Heading: Opinions of Montana Crime Victims

Text: Gerald O'Bresley, a sheriff's officer from Montana, testified as a prosecution witness to the December 1971 incident in which defendant, while being transported in Montana with other prisoners, disarmed O'Bresley and William Farago, another officer, and forced them into the trunk of their patrol car. On redirect, the prosecutor asked: Now, sometime after that, did you have occasion to draft a letter to the parole authorities in Montana recommending that they not release this particular man? Defense counsel objected that the question exceeded the scope of cross-examination, and the trial court sustained the objection. The prosecutor did not pursue the matter with O'Bresley. The next witness was William Farago. On redirect examination, the prosecutor asked: [I]n 1974, did you have occasion to express an opinion to the Board of Pardons concerning whether or not the man who had done this to you should be paroled from the Montana State prison? Defense counsel objected that the question was beyond the scope of cross-examination. The trial court sustained the objection, and the prosecutor did not pursue the matter. (112) Defendant contends that the prosecutor should have known that the questions were improper as calling for an opinion on future dangerousness or an emotional reaction from a crime victim. Defendant contends further that the sustaining of the objection to the question asked of O'Bresley placed the prosecutor on notice that it would be improper to ask essentially the same question of Farago.

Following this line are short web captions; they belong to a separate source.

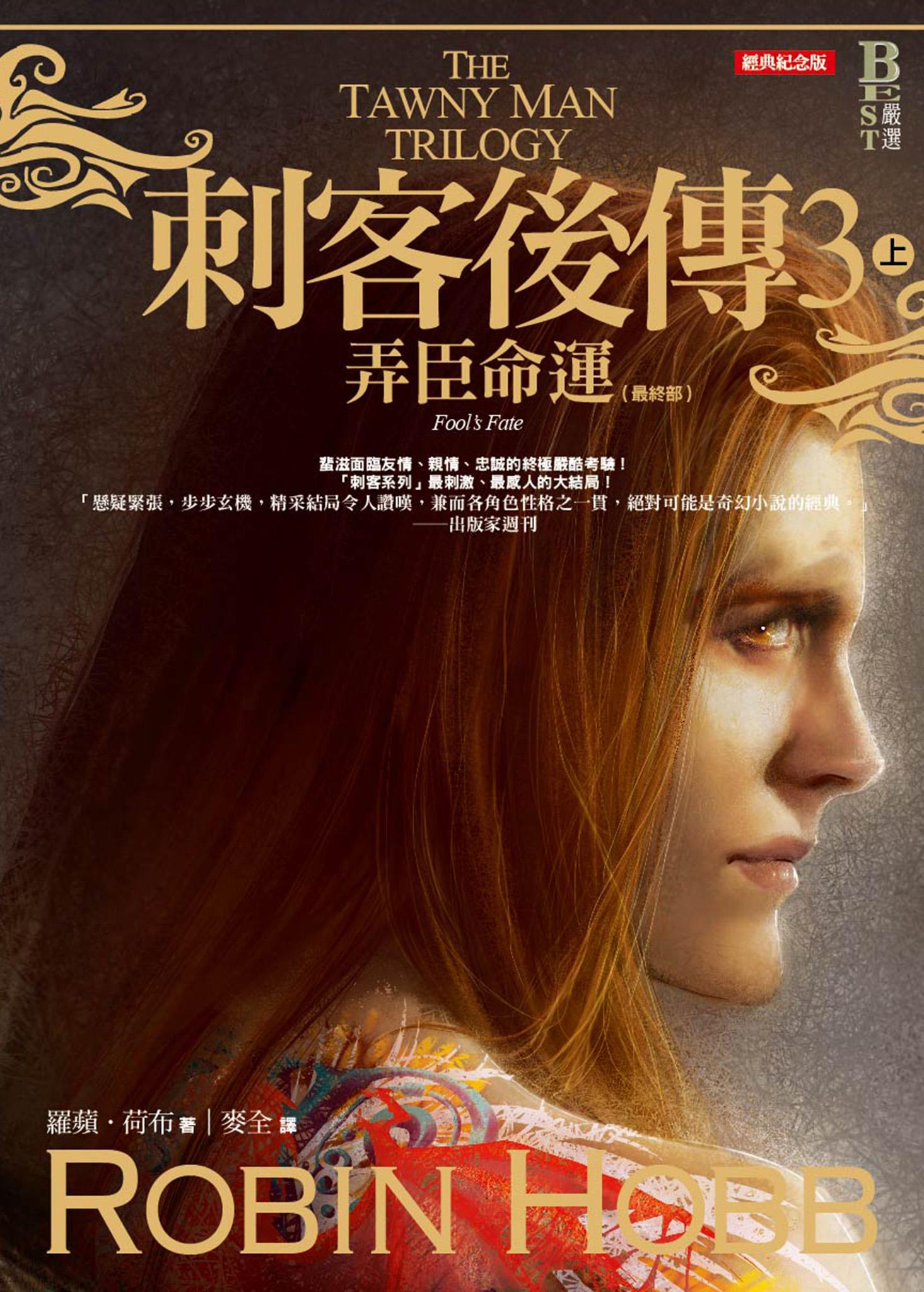 刺客後傳 3 弄臣命運．上（全新經典紀念版）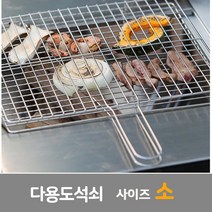 이안에다있다 다용도 석쇠 그릴 사이즈-소 중 대, 소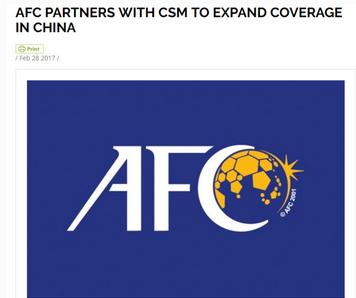 2023亚冠央视有直播吗,广州恒大亚冠2015决赛cctv5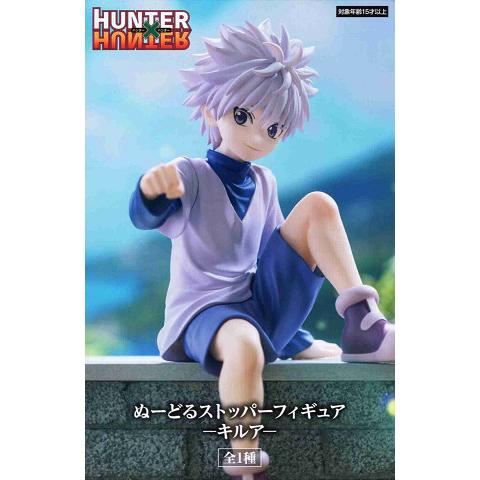 フリュー HUNTER×HUNTER ぬーどるストッパーフィギュア キルア 全1種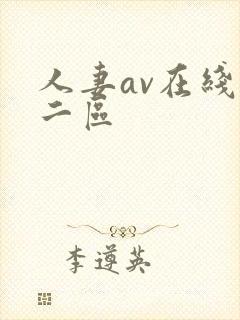 人妻av在线一二区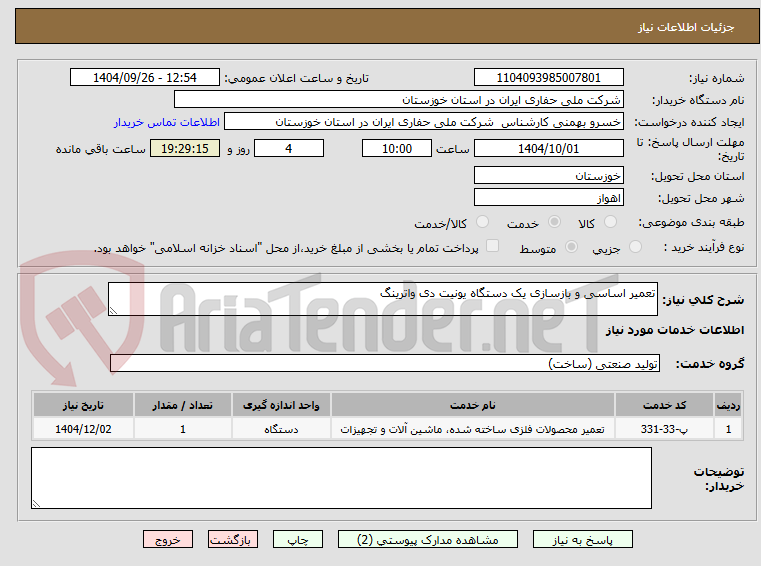 تصویر کوچک آگهی تعمیر اساسی و بازسازی یک دستگاه یونیت دی واترینگ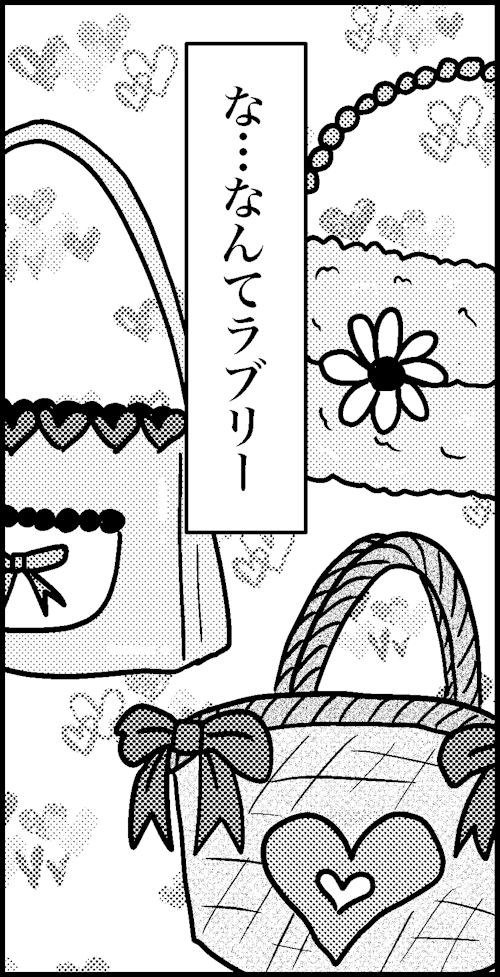 オバコン-30-2-4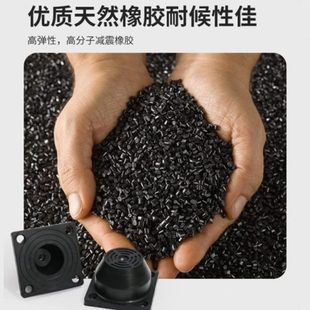 水泵减震垫压缩橡胶空调加厚设备缓冲风机减震器底座型方形碗电机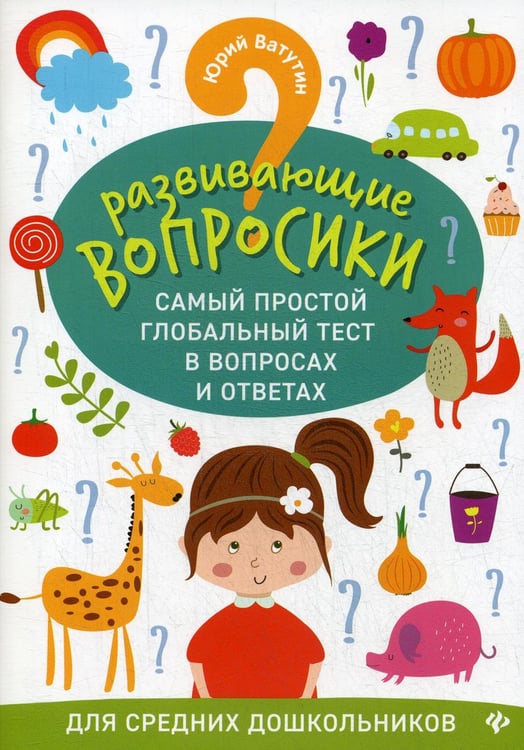 Обложка книги «Развивающие вопросики. Самый простой глобальный тест в вопросах и ответах для средних дошкольников» — Ватутин Юрий Юрьевич, ISBN 9785222340998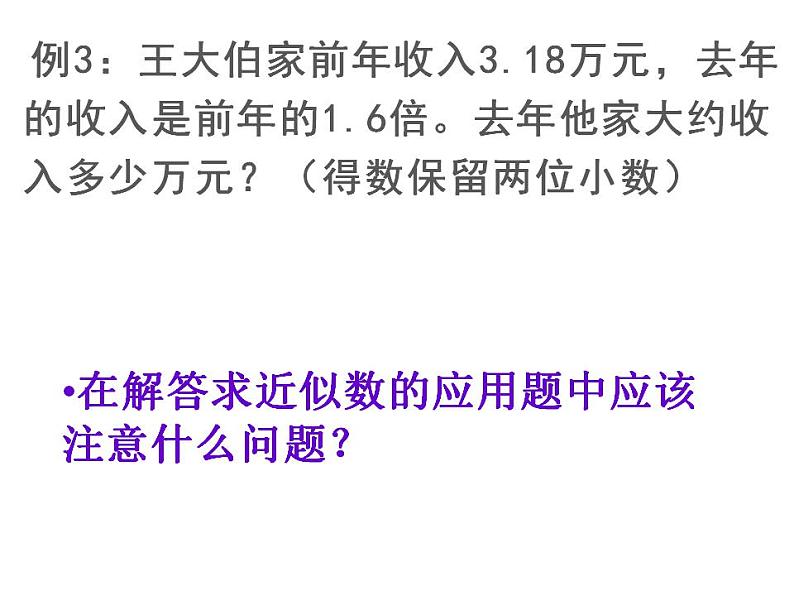 西师大版五年级数学上册课件 1.3 积的近似值第7页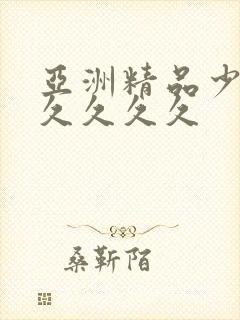 亚洲精品少妇久久久久久封面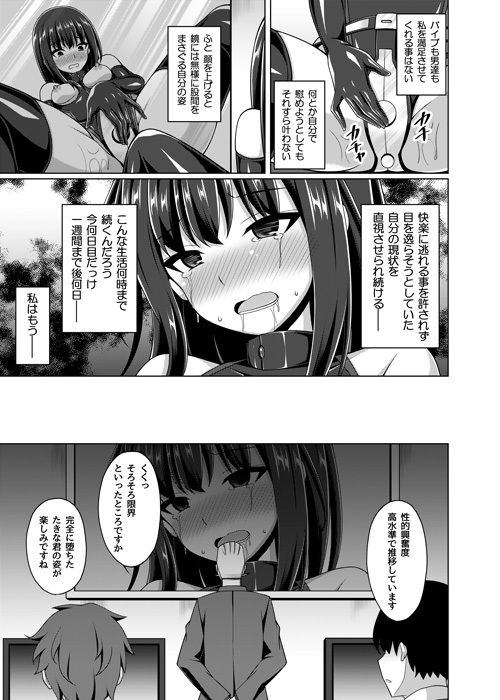 彼岸の華は奈落で咲くのサンプル画像4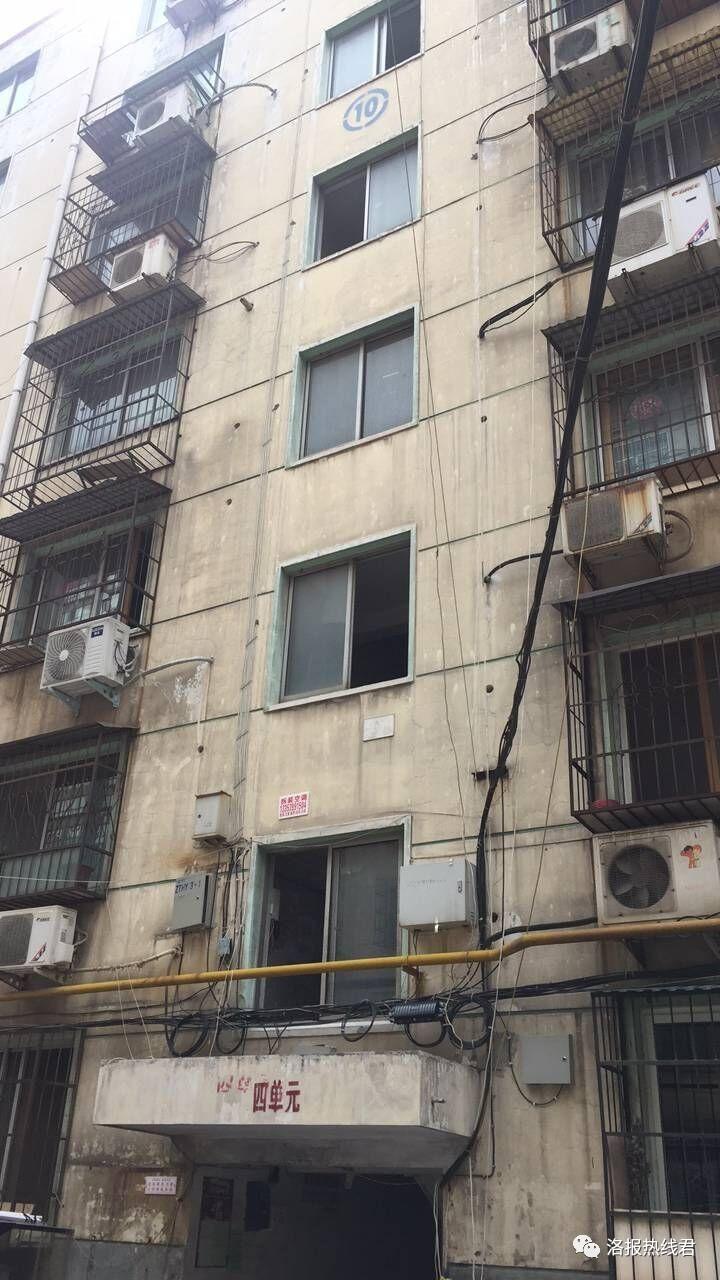 安科瑞工业企业能耗监测与工厂能源治理系统|泛亚电竞(图1) 泛亚电竞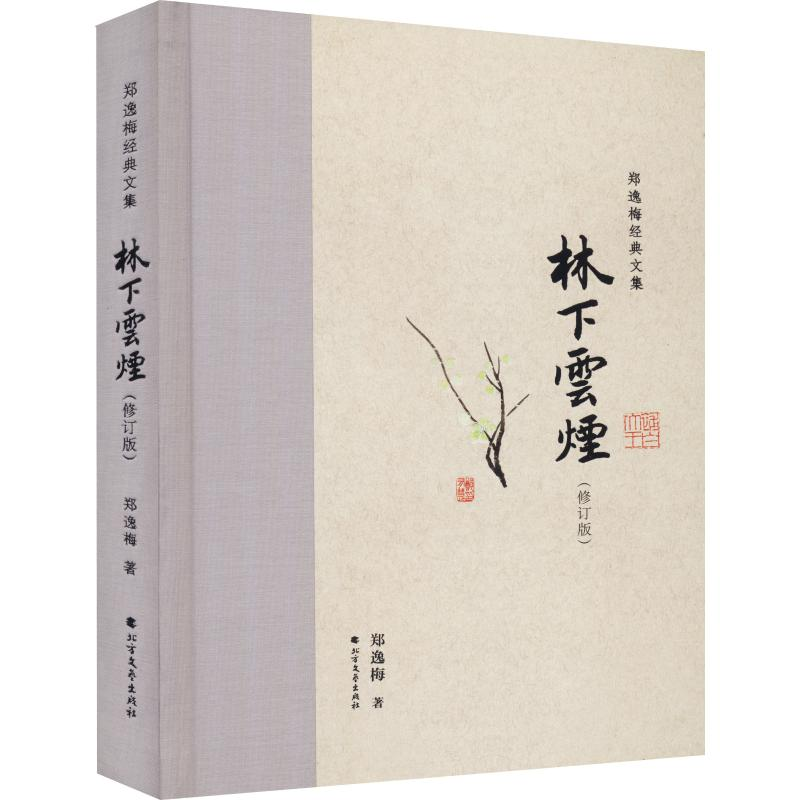 [M]林下云烟(修订版) 郑逸梅 著 -9787531745686高清大图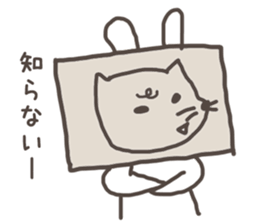 Corrugated box rabbit sticker #8157752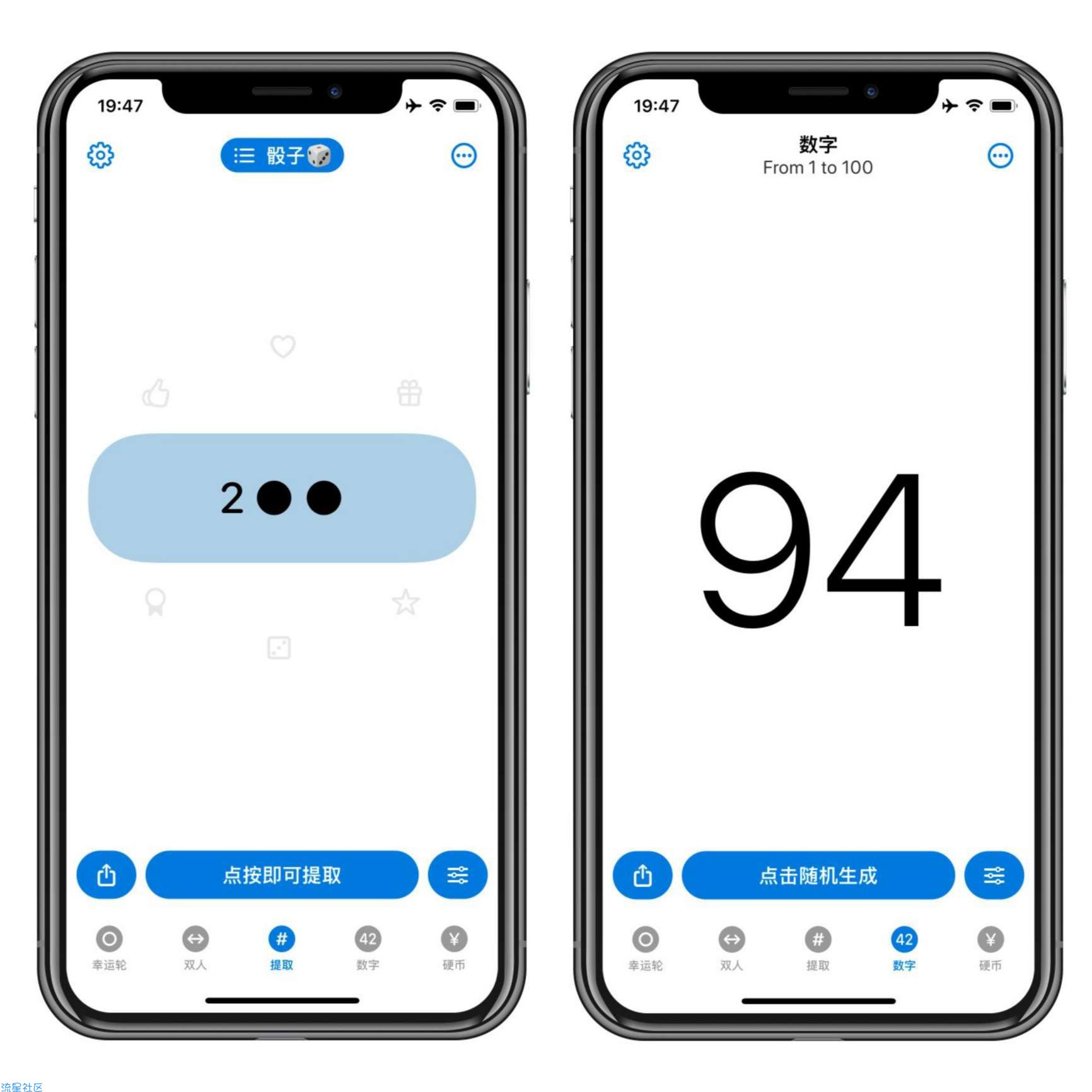 【iOS内购限免】选我 - 车轮旋转器、随机数生成器、名称选择器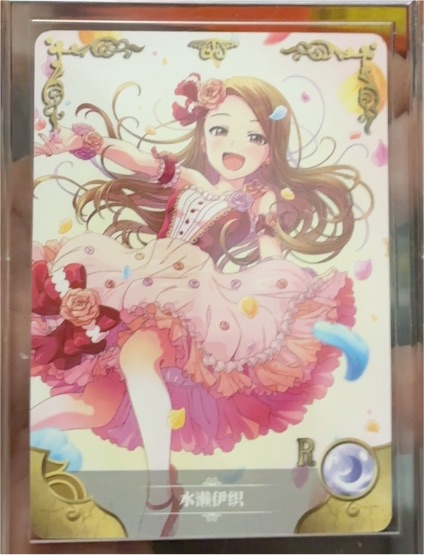 Goddess Story NS-1M14R-14 Iori Minase R — front
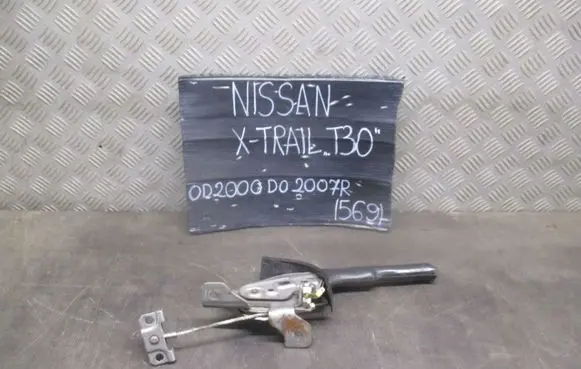 Nissan X-Trail T30 Steering wheel axle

At the penalty phase, the prosecution may introduce evidence of the emotional effect of defendant's prior violent criminal acts on the victims of those acts. ( People v. Benson (1990) 52 Cal.3d 754, 797 [276 Cal. Rptr. 827, 802 P.2d 330]; People v. Clark, supra, 50 Cal.3d 583, 629; People v. Karis (1988) 46 Cal.3d 612, 641 [250 Cal. Rptr. 659, 758 P.2d 1189].) To the extent the prosecutor sought an emotional reaction from O'Bresley and Farago, the questions were not so plainly improper as to constitute misconduct. Nor did the questions plainly call for a prediction of future dangerousness; they could be understood as merely an assessment of the seriousness of defendant's criminal conduct. Finally, the sustaining of the first objection, on the ground that the question exceeded the scope of cross-examination, did not put the prosecutor on notice that he could not ask the same question of a different witness subjected to different cross-examination.